The problem isn't the RAID5 itself.  It's the size of the disks themselves vs the overall number of disks in the raid.
With a 12 disk RAID, you're spreading out your data MUCH further than you are with a 3 drive RAID.  And with double-parity, you have more recovery chances.
With a 4TB drive, the URE rate is something like 10^14.  This gives you an almost guaranteed error at 12.5TB (3 plus a bit) complete read cycles of the array.

Since your RAID is still, only 8TB, your chances of tripping a URE aren't terrible.  The more drives you add, and the more parity stripes you add, the better your chances of not hitting a truly unrecoverable error.

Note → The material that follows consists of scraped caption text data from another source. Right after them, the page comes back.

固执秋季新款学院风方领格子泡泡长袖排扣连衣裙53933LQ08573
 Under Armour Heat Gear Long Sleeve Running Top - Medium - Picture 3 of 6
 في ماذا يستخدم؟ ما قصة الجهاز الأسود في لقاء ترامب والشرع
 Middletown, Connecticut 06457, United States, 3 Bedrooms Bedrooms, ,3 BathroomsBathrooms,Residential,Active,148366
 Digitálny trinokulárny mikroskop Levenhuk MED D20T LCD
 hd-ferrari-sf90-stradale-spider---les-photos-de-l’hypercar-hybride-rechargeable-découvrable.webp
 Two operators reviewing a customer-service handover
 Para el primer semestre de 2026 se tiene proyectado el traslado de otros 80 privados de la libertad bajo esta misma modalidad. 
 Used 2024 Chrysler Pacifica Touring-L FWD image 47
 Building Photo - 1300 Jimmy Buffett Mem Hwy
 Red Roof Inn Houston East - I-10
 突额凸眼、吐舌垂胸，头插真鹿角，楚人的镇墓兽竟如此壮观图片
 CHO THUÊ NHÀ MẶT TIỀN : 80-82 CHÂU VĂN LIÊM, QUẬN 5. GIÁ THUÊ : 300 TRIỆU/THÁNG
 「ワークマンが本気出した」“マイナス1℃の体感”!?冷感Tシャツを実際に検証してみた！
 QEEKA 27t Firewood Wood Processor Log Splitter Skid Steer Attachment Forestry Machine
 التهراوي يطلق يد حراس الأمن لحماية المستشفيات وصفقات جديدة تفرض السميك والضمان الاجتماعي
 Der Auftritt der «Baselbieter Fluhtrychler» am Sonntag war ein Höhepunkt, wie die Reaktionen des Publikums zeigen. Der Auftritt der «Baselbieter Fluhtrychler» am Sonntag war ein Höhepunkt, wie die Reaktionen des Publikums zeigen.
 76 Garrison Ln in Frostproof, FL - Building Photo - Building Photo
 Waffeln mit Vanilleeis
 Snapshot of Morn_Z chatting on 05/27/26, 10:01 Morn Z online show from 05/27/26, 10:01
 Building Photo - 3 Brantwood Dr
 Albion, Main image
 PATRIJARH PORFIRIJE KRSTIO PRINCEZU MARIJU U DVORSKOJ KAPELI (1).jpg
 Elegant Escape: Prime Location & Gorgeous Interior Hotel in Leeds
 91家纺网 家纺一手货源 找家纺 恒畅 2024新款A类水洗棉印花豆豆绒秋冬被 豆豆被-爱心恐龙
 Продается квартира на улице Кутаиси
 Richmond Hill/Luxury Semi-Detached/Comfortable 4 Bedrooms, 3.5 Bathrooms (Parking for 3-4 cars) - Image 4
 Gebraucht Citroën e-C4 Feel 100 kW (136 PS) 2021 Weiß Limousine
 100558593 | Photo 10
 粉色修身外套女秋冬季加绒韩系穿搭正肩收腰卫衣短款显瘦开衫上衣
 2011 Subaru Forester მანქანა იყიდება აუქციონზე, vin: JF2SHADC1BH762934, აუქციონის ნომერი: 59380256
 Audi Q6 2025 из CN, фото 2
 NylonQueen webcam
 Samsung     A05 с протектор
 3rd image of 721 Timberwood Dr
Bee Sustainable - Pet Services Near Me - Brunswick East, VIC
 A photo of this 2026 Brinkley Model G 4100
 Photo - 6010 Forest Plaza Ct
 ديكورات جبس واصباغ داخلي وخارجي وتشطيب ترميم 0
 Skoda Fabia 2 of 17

But, with 6, 8 and even the newer 10+TB drives, your chances of tripping a URE are STILL only about 10^14 (some better drives are 10^15, giving you a bigger margin of safety).
Why are these figures not improving with the improvements in tech?  Because the areal density of the drives keep going up.
So, essentially, they're the same mechanism, they're just cramming more into the same space.